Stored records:
[Start of Attachment]
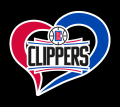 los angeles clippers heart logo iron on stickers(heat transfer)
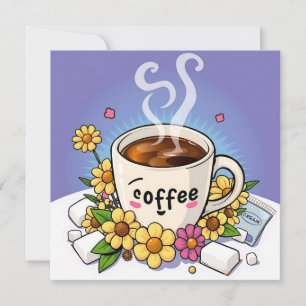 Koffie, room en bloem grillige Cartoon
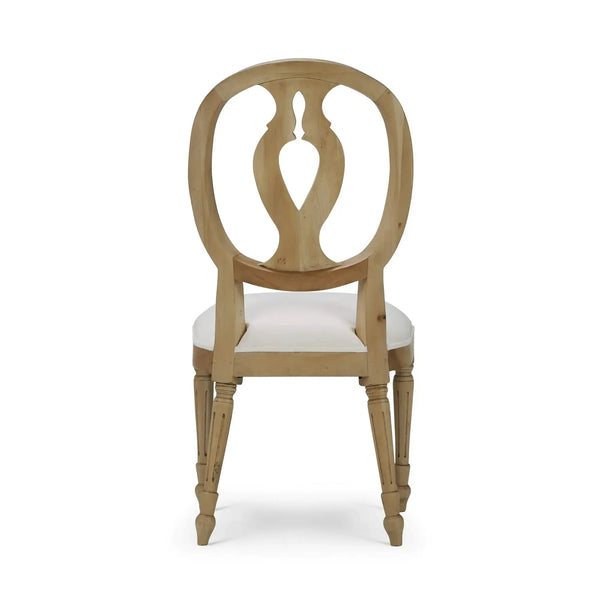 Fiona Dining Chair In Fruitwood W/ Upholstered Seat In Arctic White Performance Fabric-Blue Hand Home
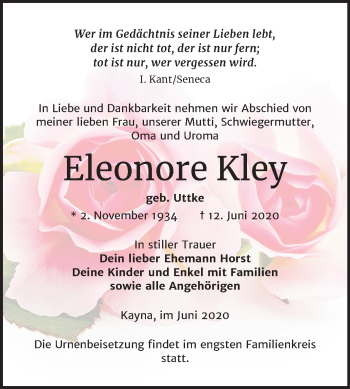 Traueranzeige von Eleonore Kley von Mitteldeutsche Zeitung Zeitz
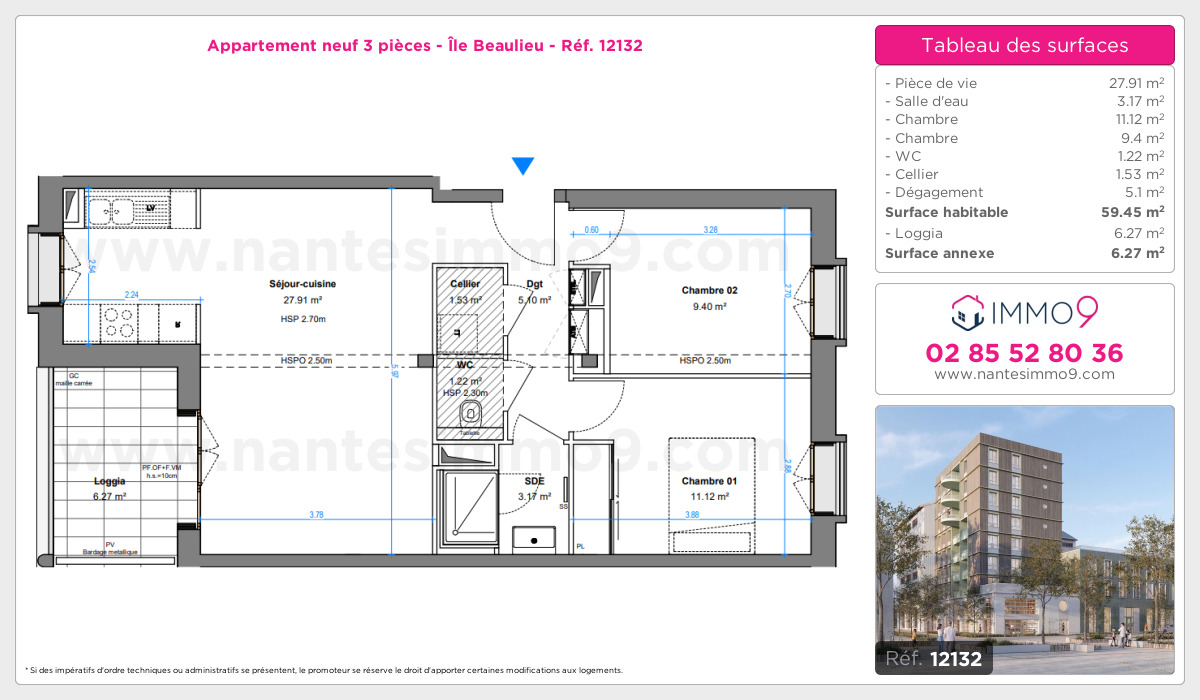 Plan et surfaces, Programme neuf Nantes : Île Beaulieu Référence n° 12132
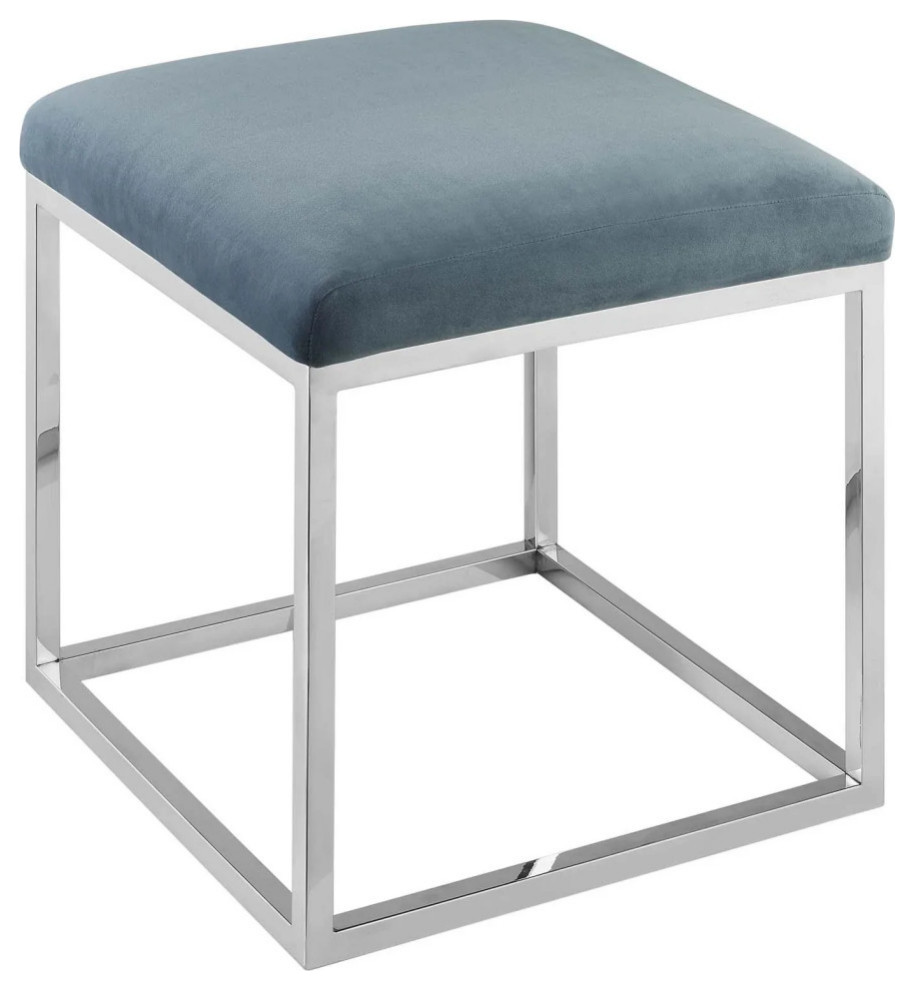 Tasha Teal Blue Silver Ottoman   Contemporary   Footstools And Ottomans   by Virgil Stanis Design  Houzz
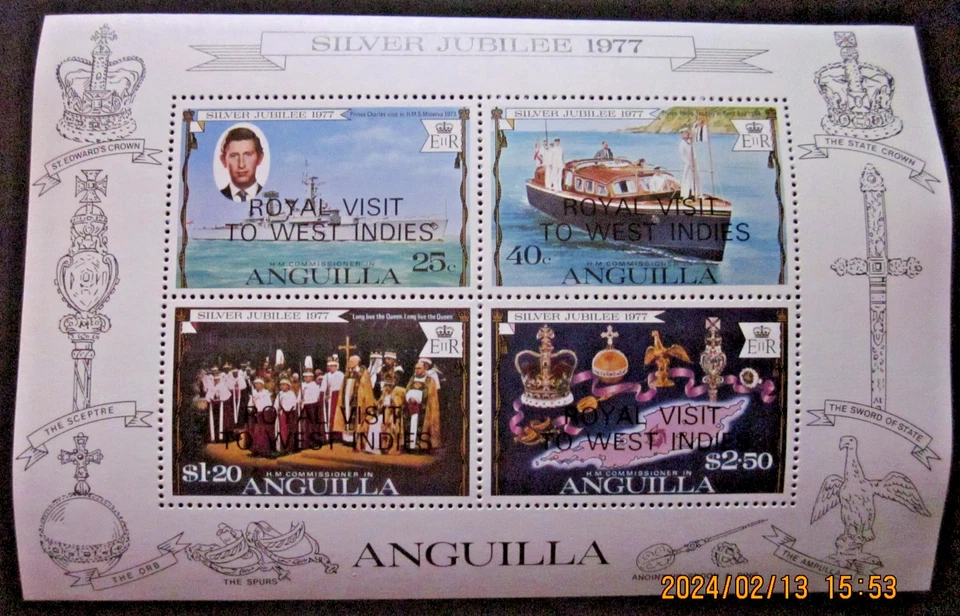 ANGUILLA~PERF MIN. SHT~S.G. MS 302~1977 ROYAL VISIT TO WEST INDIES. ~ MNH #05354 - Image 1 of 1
[End of Attachment]
## PROBLEM REQUIREMENTS
Transcribe nothing but the lines from the one containing "Koffie, room en bloem grillige Cartoon" through the final line of the records, exactly as written and without pictures.

## COMPLETED EXERCISE
 Koffie, room en bloem grillige Cartoon
 Fiona Dining Chair In Fruitwood W/ Upholstered Seat In Arctic White Performance Fabric-Blue Hand Home
 Traueranzeige von Eleonore Kley von Mitteldeutsche Zeitung Zeitz
 Plan et surfaces, Programme neuf Nantes : Île Beaulieu Référence n° 12132
 Tasha Teal Blue Silver Ottoman   Contemporary   Footstools And Ottomans   by Virgil Stanis Design  Houzz
 ANGUILLA~PERF MIN. SHT~S.G. MS 302~1977 ROYAL VISIT TO WEST INDIES. ~ MNH #05354 - Image 1 of 1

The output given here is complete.